Una ciudadanía educada

José Álvarez Junco es el intelectual contemporáneo que con más profundidad y ahínco se ha preguntado por la identidad española. Su Mater dolorosa, un monumental ensayo académico en que indaga sobre el proceso de nacionalización que se formaliza en el siglo XIX, nos ilumina con clarividencia sobre los problemas actuales, y especialmente sobre la tensión que contrapone el nacionalismo español actual, encarrilado en su mayor parte a través del llamado patriotismo constitucional, y los nacionalismos periféricos, que en los últimos tiempos apuestan reactivamente por el particularismo y la ruptura.

Álvarez Junco no se prodiga mucho en prensa, pero de vez en cuando irrumpe certeramente en la plazuela pública para marcar la pauta.

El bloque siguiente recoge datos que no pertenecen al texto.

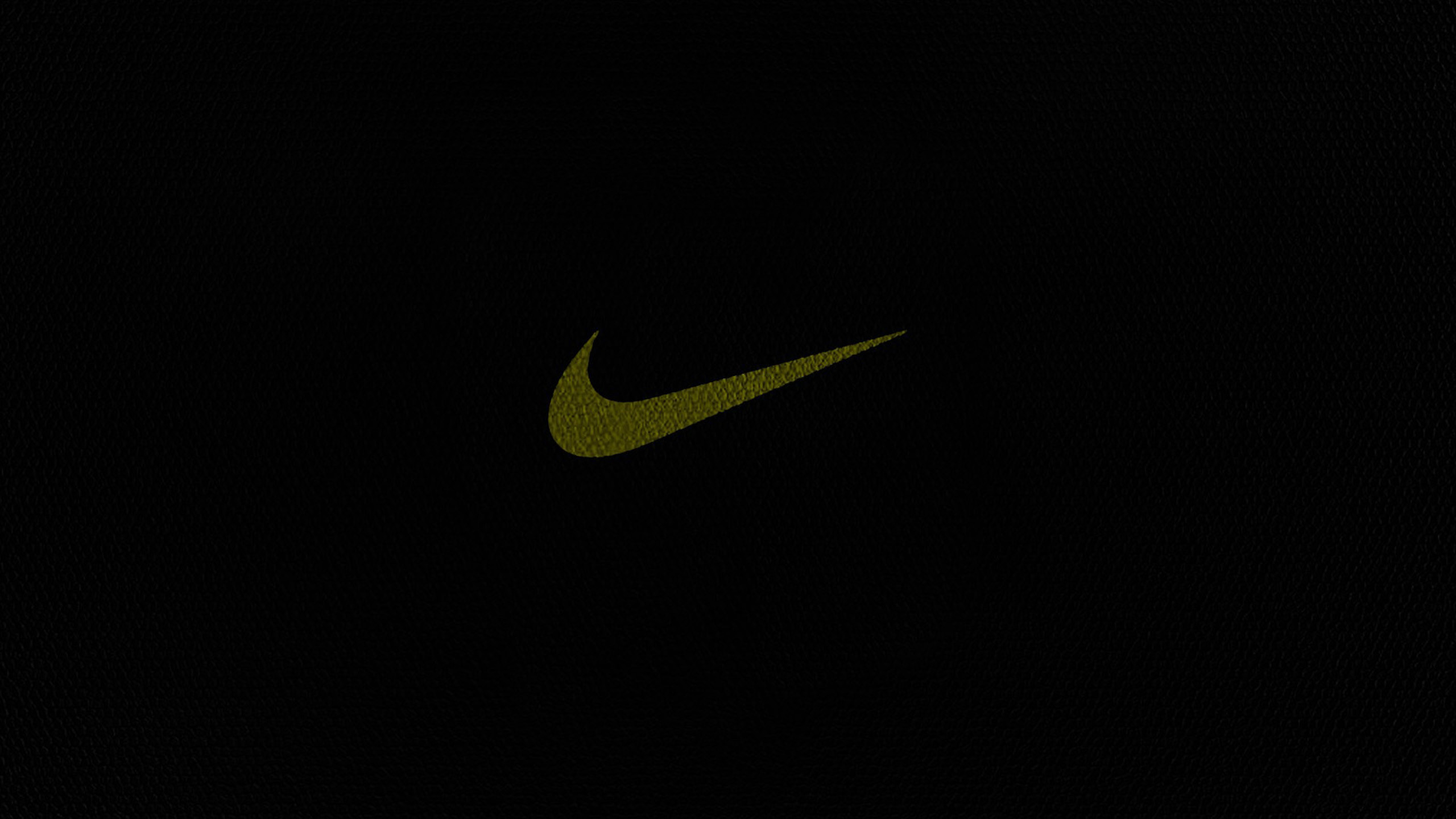 A minimalist Nike Football wallpaper with a gold Nike swoosh against a dark background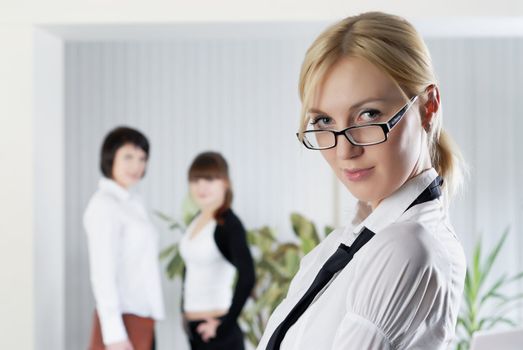  The young business woman at office with colleagues 

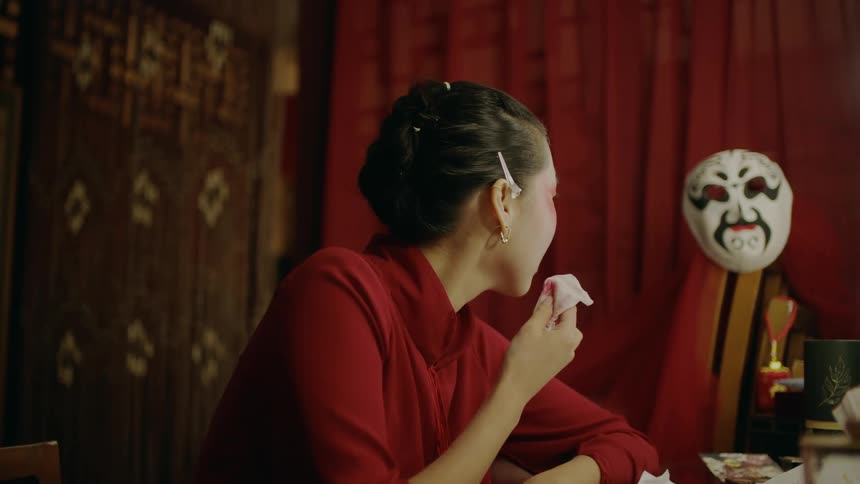 An asian woman sits in a dressing room at a table while removing her lipstick when a mask next to her moves on its own and is jarring to her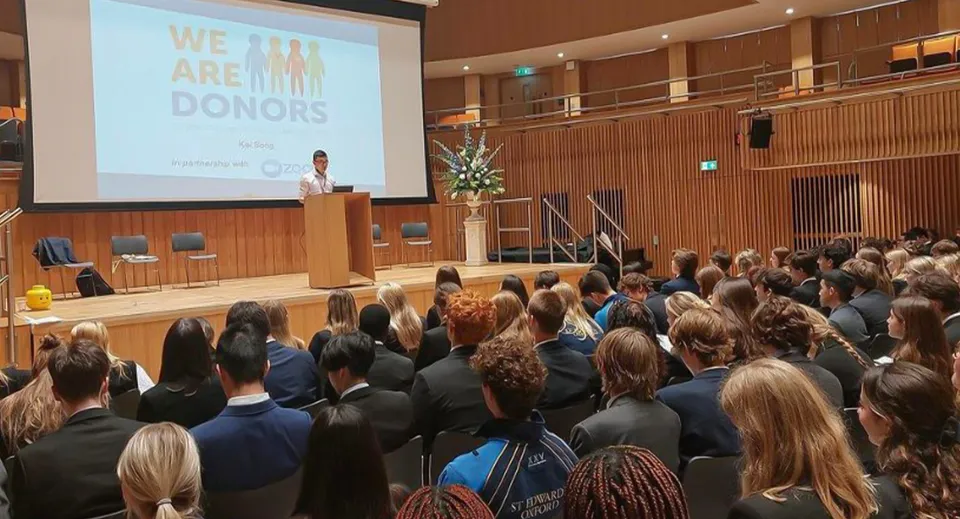 Una conferenza nel grande auditorium della St Edward's School (Oxford) con un relatore al podio e una proiezione con il testo We are donors.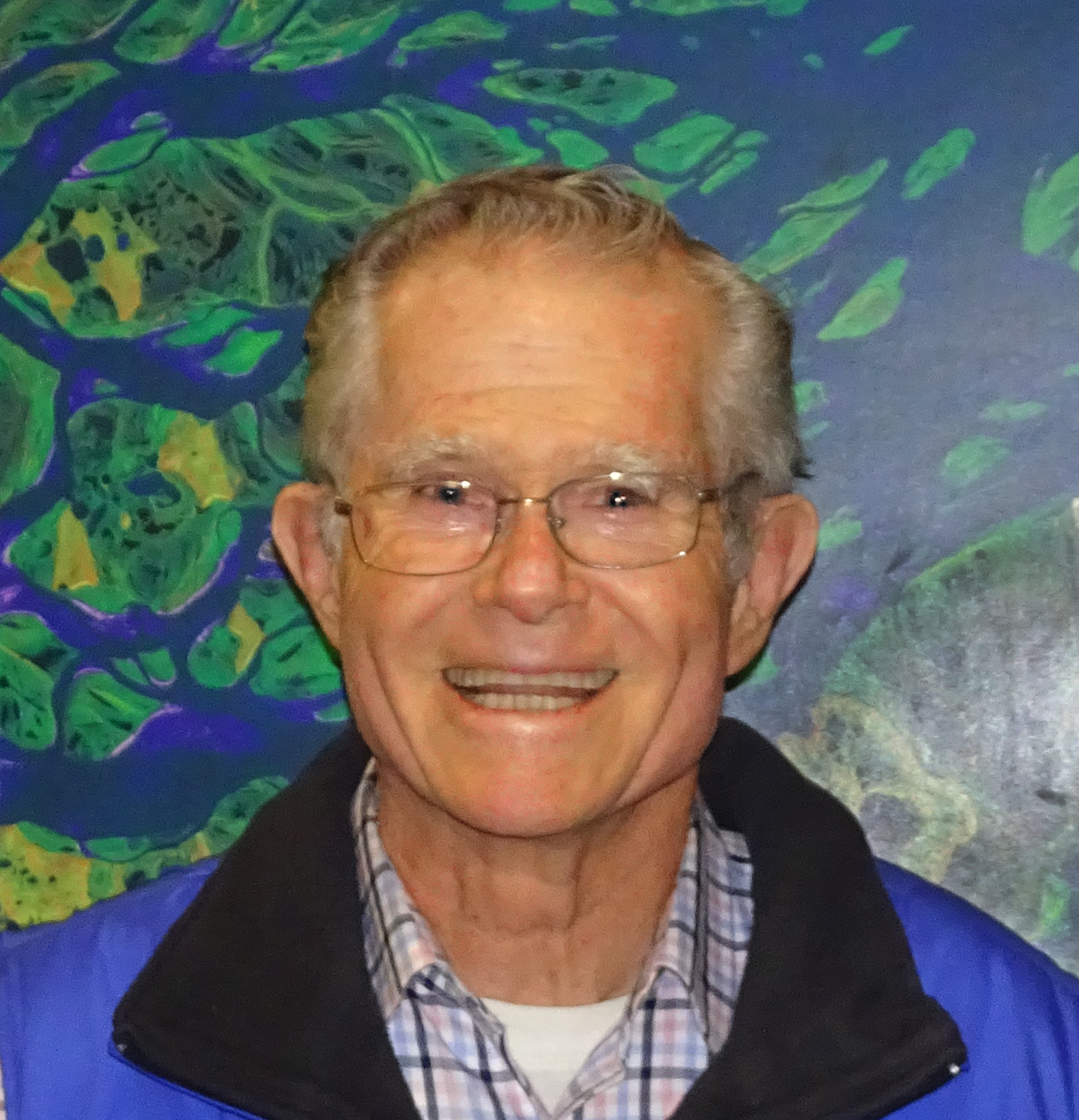 Headshot of a white-haired man wearing glasses, smiling broadly
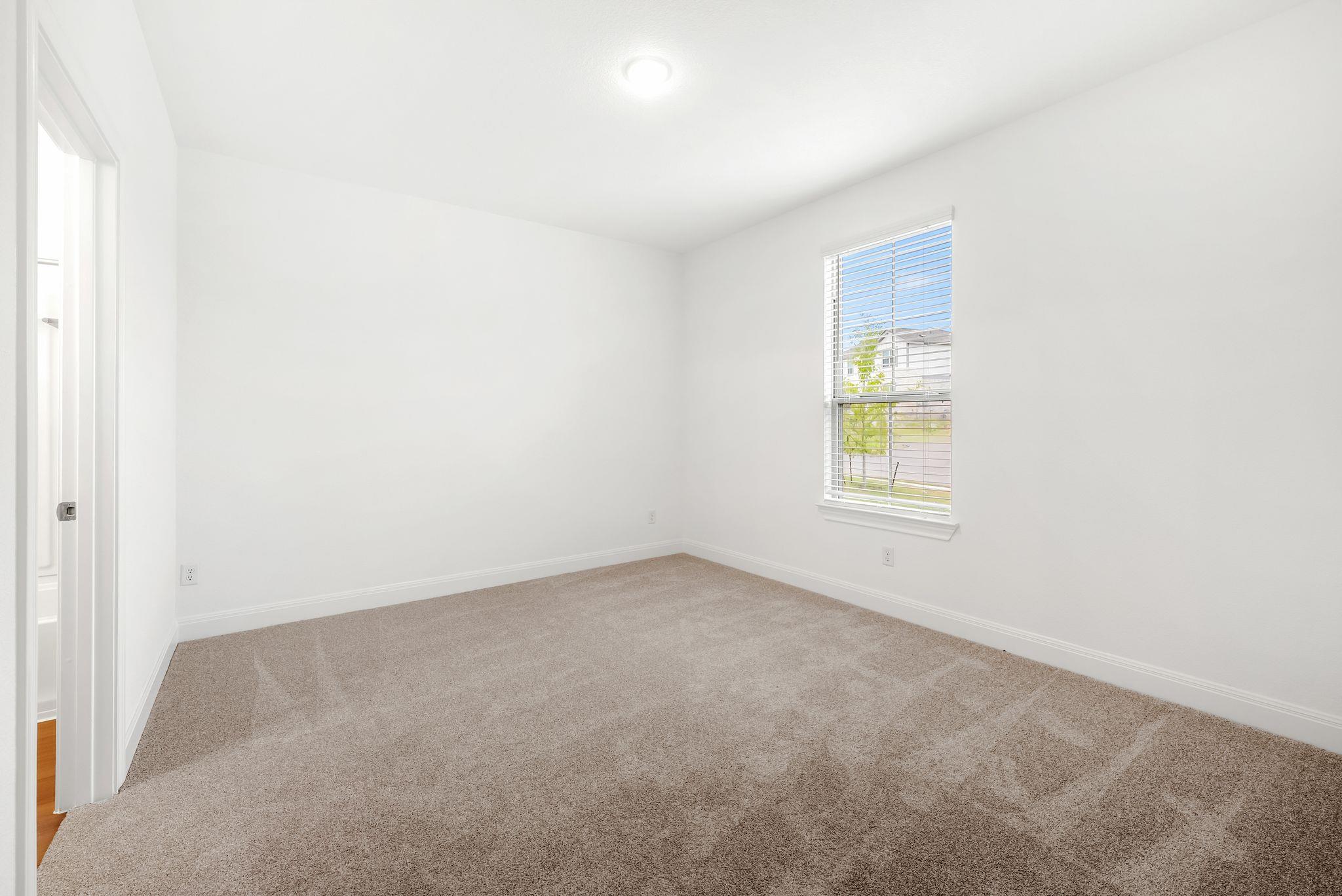 Empty bedroom with beige carpet and a window fitted with white blinds.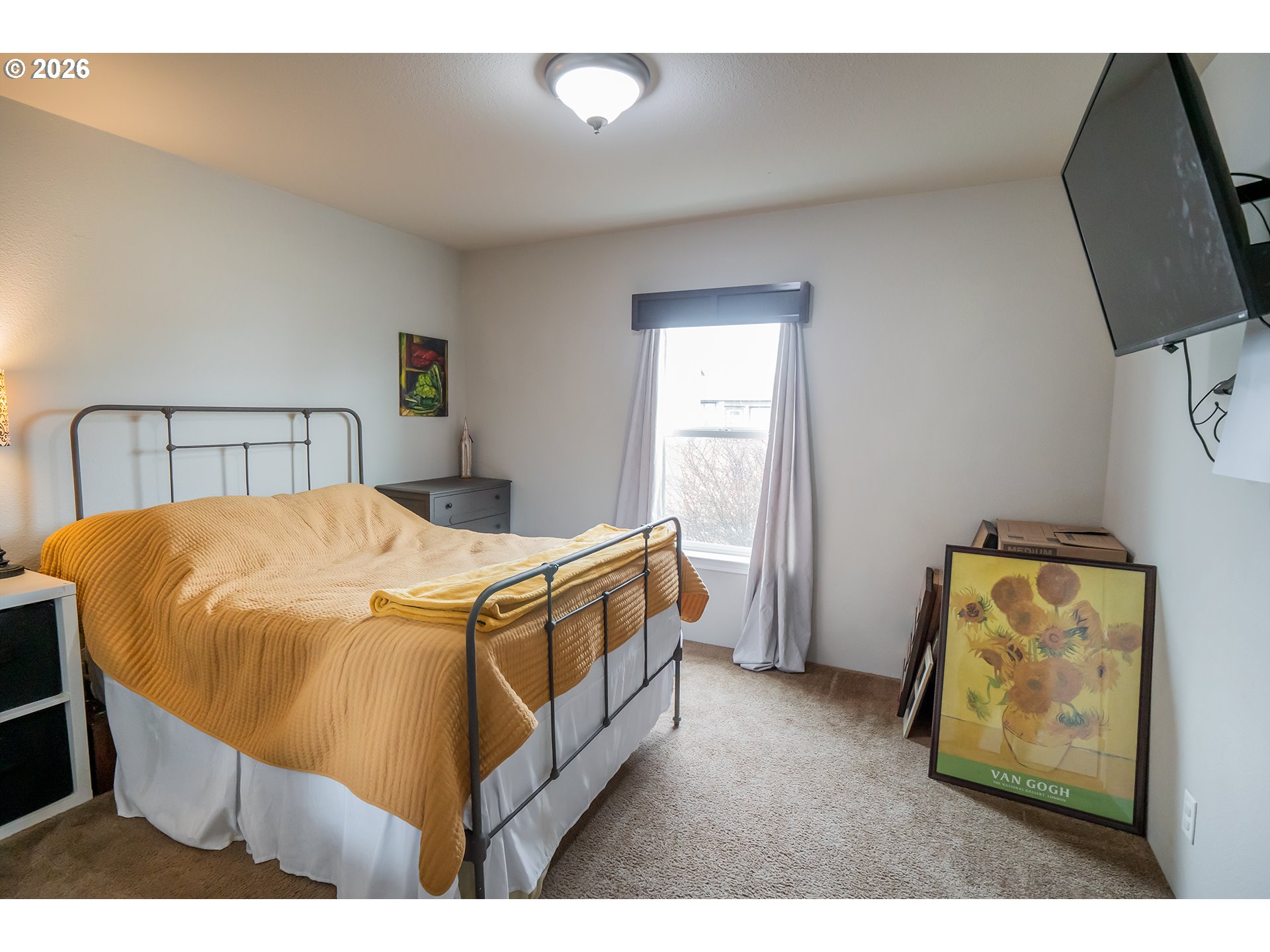 628 Stanley Lane Harrisburg, OR 97446 - Photo 18 of 32 a bed sitting in a bedroom next to a window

La última vez, hace apenas unos días, vertió el siguiente dictamen: "Toda democracia que no se asiente sobre una ciudadanía educada y consciente de sus derechos será de mala calidad". El aserto es sin duda una gran verdad porque el tino de un modelo político representativo dependerá como es lógico de la calidad del cuerpo social que vaya a ser representado.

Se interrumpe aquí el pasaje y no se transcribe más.